Per questo quando Conte chiede un commissario europeo di peso, magari legato agli affari monetari, fa sorridere alcuni funzionari di Bruxelles. Per l’Europa siamo come l’avvocato napoletano che due giorni fa, dal suo balcone, in mutande, spiegava a Conte come sbloccare molti procedimenti civili. Le nostre considerazioni strappano il sorriso, ma siamo in mutande. Possiamo continuare a urlare che vogliamo un commissario europeo economico e minacciare veti, ma la nostra pistola in questo stallo alla messicana è ad acqua. A meno che non ci mettiamo una bomba in corpo e minacciamo di far saltare tutti in aria, sperando di trovare una mediazione. Qualcuno ha detto minibot? Purtroppo la credibilità del presidente del Consiglio si è sbriciolata ancor di più dopo la lettera inviata ieri mattina a Bruxelles in cui dice di voler rispettare i vincoli europei ma non spiega come.
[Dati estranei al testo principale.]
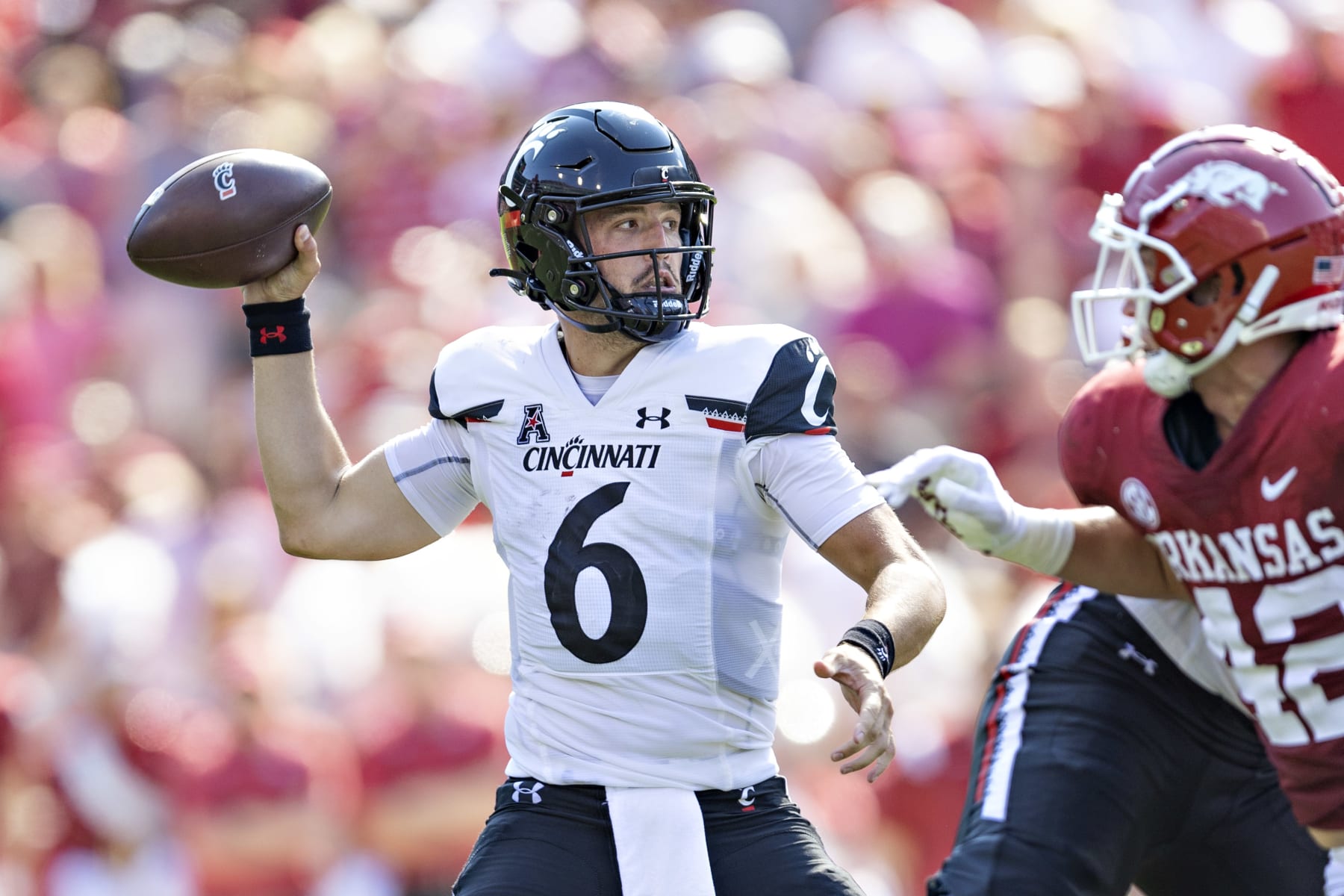 FAYETTEVILLE, ARKANSAS - SEPTEMBER 03: Ben Bryant #6 of the Cincinnati Bearcats throws a pass in the third quarter of a game against the Arkansas Razorbacks at Donald W. Reynolds Razorback Stadium on September 03, 2022 in Fayetteville, Arkansas. The Razorbacks defeated the Bearcats 31-24. (Photo by Wesley Hitt/Getty Images)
Per l’Europa siamo come l’avvocato napoletano che due giorni fa, dal suo balcone, in mutande, spiegava a Conte come sbloccare molti procedimenti civili
Sei pagine da azzeccagarbugli in cui ci sono più dichiarazioni politiche che tecniche. L’unico riferimento ai numeri sono i 2 miliardi di euro congelati nell’ultima trattativa, lo 0.1% del Pil. L’Italia è disposta a farne a meno ma la Commissione li aveva compresi già la scorsa volta. Servono altri cinque miliardi e un compromesso si troverà alla fine prendendo qualcosa dai fondi destinati a Quota 100 e reddito di cittadinanza. Nessuno vuole avere uno scontro con l’Italia con la Brexit ancora irrisolta. E soprattutto nessuno vuole dare una scusa a Salvini per far saltare il governo. La strategia di Conte nei due giorni di Consiglio europeo sembra quella di voler dare l’appoggio a un candidato pronto a rivedere gli accordi europei esistenti. Anche ammettendo che esista, la sensazione è che a nessuno importi di soddisfare le esigenze dell’Italia. E forse è meglio accontentarsi di questo e stare a guardare lo stallo. Sperando che nessuno sparando sbagli la mira e colpisca la bomba a cui siamo attaccati.